Schon ihre Definition von Spiel ist sehr weit: Die Schlüsselelemente, die jedes Spiel haben muss, sind ein Ziel, Regeln, ein Feedback-System und die freiwillige Teilnahme. Diese Punkte sind bei traditionellen Spielen einfach festzumachen. Bei Golf beispielsweise besteht das Ziel darin, mit möglichst wenig Schlägen ein Ball in mehrere Löcher nacheinander zu schlagen. Die Regeln legen fest, wie das zu geschehen hat, von wo aus man schlagen darf etc. Das Feedback-System ist sehr unmittelbar, man erfährt die Anzahl der Schläge sofort. Dass man Golf nicht spielen muss, versteht sich von selber.
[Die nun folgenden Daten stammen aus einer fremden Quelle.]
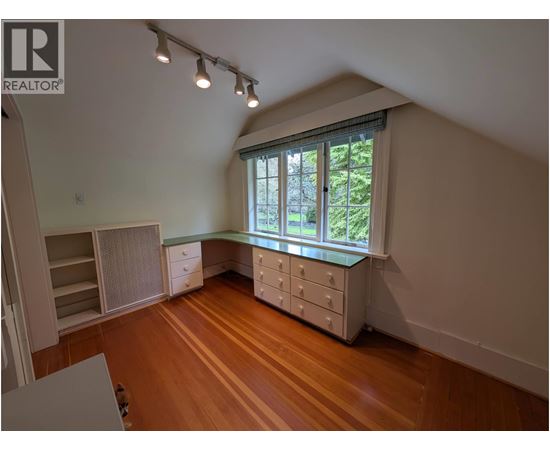 A room with wooden floors and a window with a view of trees.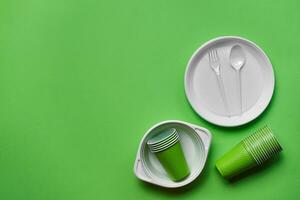 Colorful plastic disposable tableware on green background with copy space. The concept of picnic utensil. Top view. Selective focus. Close-up. photo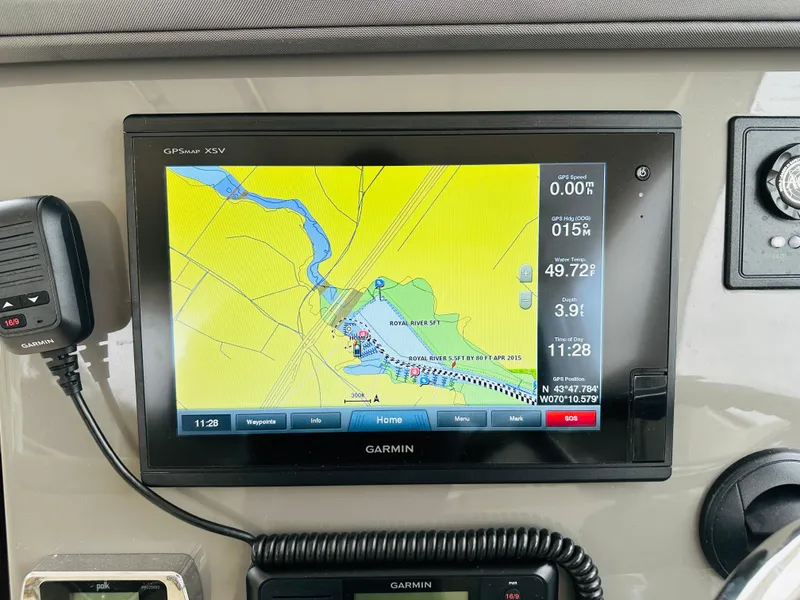 Slide: The Image of Garmin GPS display on 2017 Pursuit OS 355 boat dashboard. - 20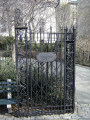 Two-leaved gate ornamented with animal figures; mounted plaque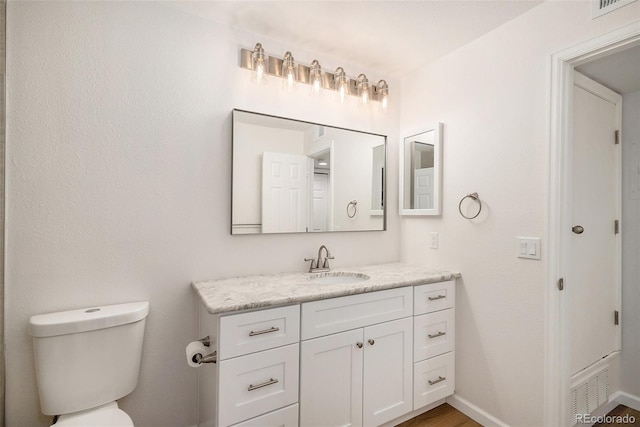 bathroom featuring vanity and toilet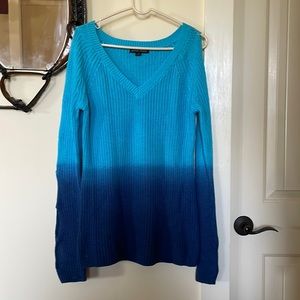 Boston Proper light weight sweater with arm cutouts from shoulder to wrist.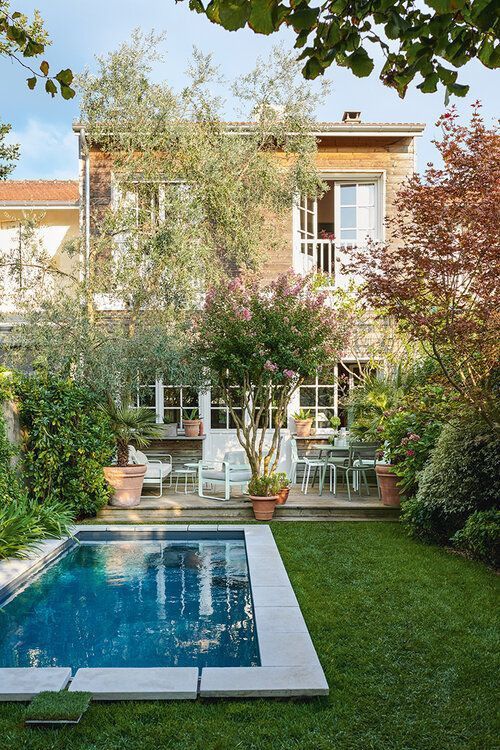 a pretty and welcoming backyard with a green lawn, a pool with a stone deck and a wooden one, outdoor furniture and potted plants and trees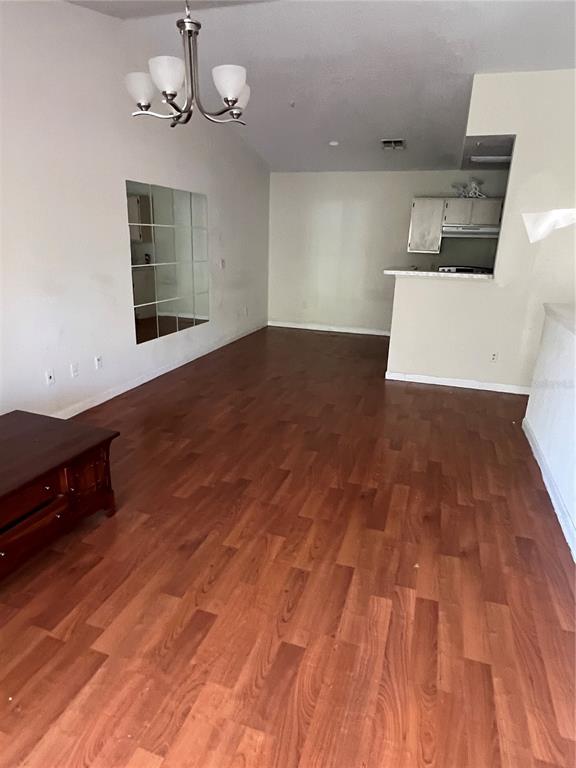4312 South Kirkman Road, Unit 1404 Orlando, FL 32811 - Photo 2 of 5 a view of a room with wooden floor and ceiling fan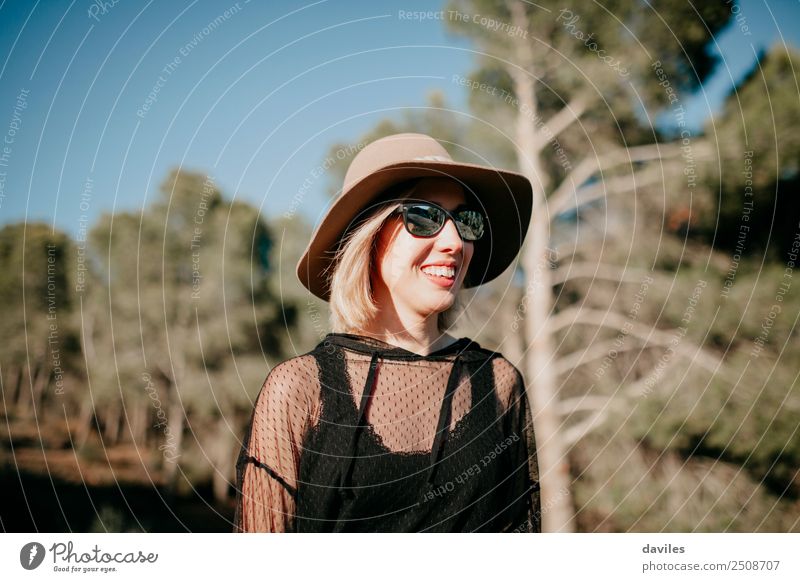 Hübsches blondes Mädchen mit Sonnenbrille und Hut, das sich in der Natur mit einem Kiefernwald im Hintergrund amüsiert Lifestyle Stil Freude Erholung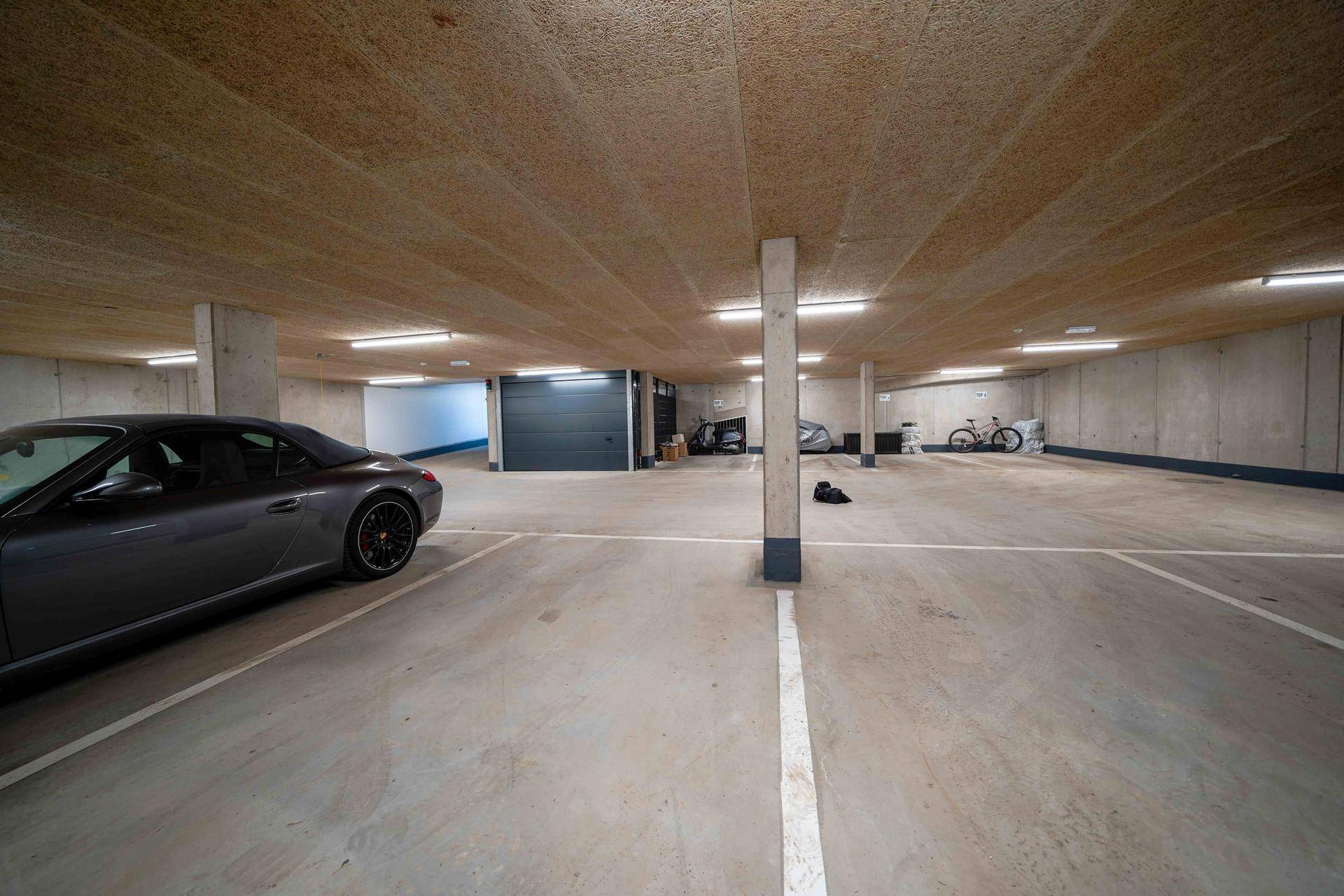 Weitläufige Tiefgarage mit mehreren Stellplätzen, Betonpfeilern und einem Lagerraum im Hintergrund.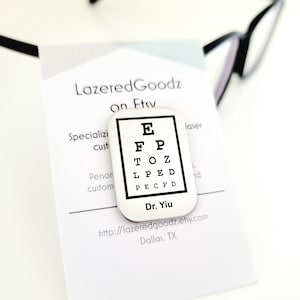 May include: A silver-colored eye chart pin with black lettering and a black border. The pin features the letters E, F, P, T, O, Z, L, P, E, D, and P, E, C, F, D. The text "Dr. Yiu" is below the chart.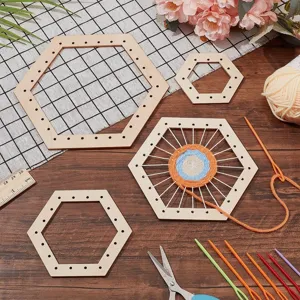 Wooden hexagon weaving loom set detail showing frames, yarn and tools on a rustic wooden table.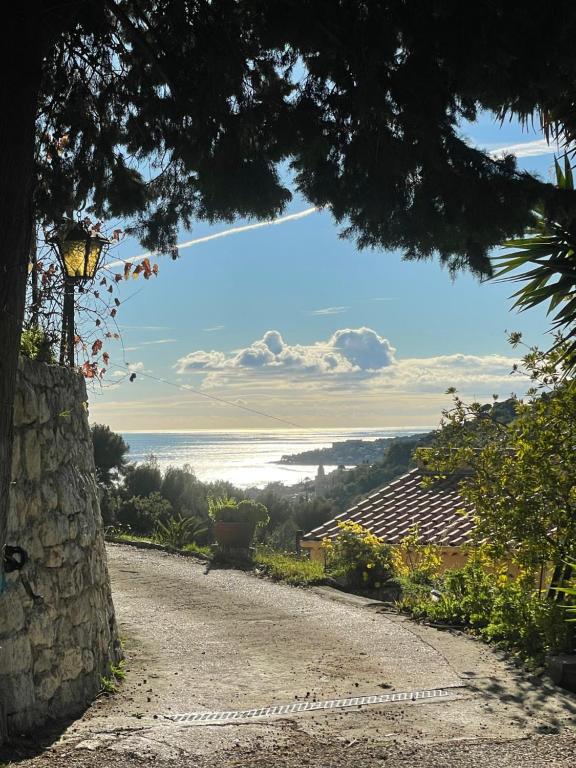 a gravel road with a view of the ocean at Studio Shangri-LA - Entrée & terrasse privatives - Vue mer - Parking in Menton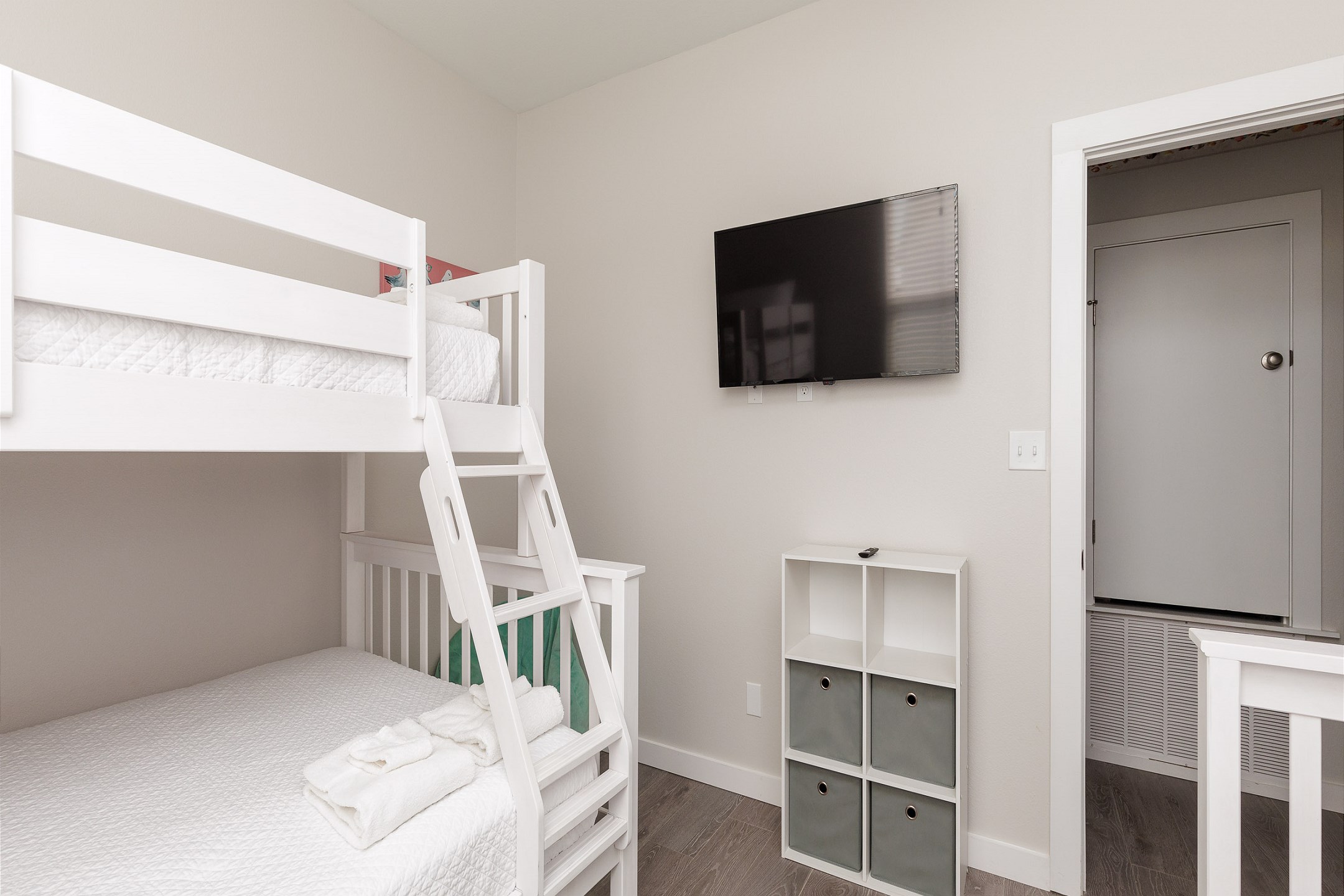 Fourth bedroom on the second floor with two sets of twin over full size bunk beds and flat screen TV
Noch pointierter ist Bernard Suits mit seiner Definition eines Spieles: Ein Spiel ist der freiwillige Versuch, unnötige Hindernisse zu überwinden. Bei Golf wäre es viel einfacher, den Ball in die Hand zu nehmen und so in die Löcher zu stopfen. Aber das Spiel sieht die „unnötigen Hindernisse“ vor, dass man den Ball nicht anfassen darf, sondern ihn mit einem spezielle Schläger schlagen muss, dass man möglichst weit weg vom Loch damit beginnen muss, und so weiter. Der Reiz des Spieles besteht eben gerade darin, dass man diese „unnötigen“ Regeln einhält. Wenn dann der Ball trotzdem eingelocht wird, ist das ungleich befriedigender, als wenn man ihn einfach mit der Hand ins Loch gelegt hätte – obwohl der Effekt am Ende der gleiche ist.
McGonigal kommt zum Ergebnis, dass die Realität, verglichen mit Spielen, viel zu einfach sei. Wenn man alles auf dem logischsten und effizientesten Weg erreicht, geht viel vom Reiz des Spielerischen verloren, und damit auch von der Befriedigung, die man daraus gewinnen kann. Vergleichen wir zwei Menschen auf dem Gipfel eines Berges. Der eine hat die effizienteste Möglichkeit gewählt auf den Berg zu kommen, er hat sich von einem Helikopter fliegen lassen. Der andere hingegen ist mühsam und beschwerlich zu Fuss hoch gestiegen. Er hat sich dieses Ziel freiwillig gesetzt und erhielt durch die zunehmend spektakulärer werdende Aussicht unmittelbares Feedback für seine Anstrengungen. Die Regeln sind denkbar einfach: keine fremden Hilfsmittel, nur Muskelkraft darf eingesetzt werden. Letztlich haben beide dasselbe Ziel erreicht: Sie sind auf dem Gipfel des Berges angekommen. Dass der Bergsteiger ein tieferes Zufriedenheitsgefühl hat als der Helikopterpassagier liegt auf der Hand. Offenbar lassen sich die Spieldefinitionen von McGonigal und von Suits auch auf das Bergsteigen anwenden.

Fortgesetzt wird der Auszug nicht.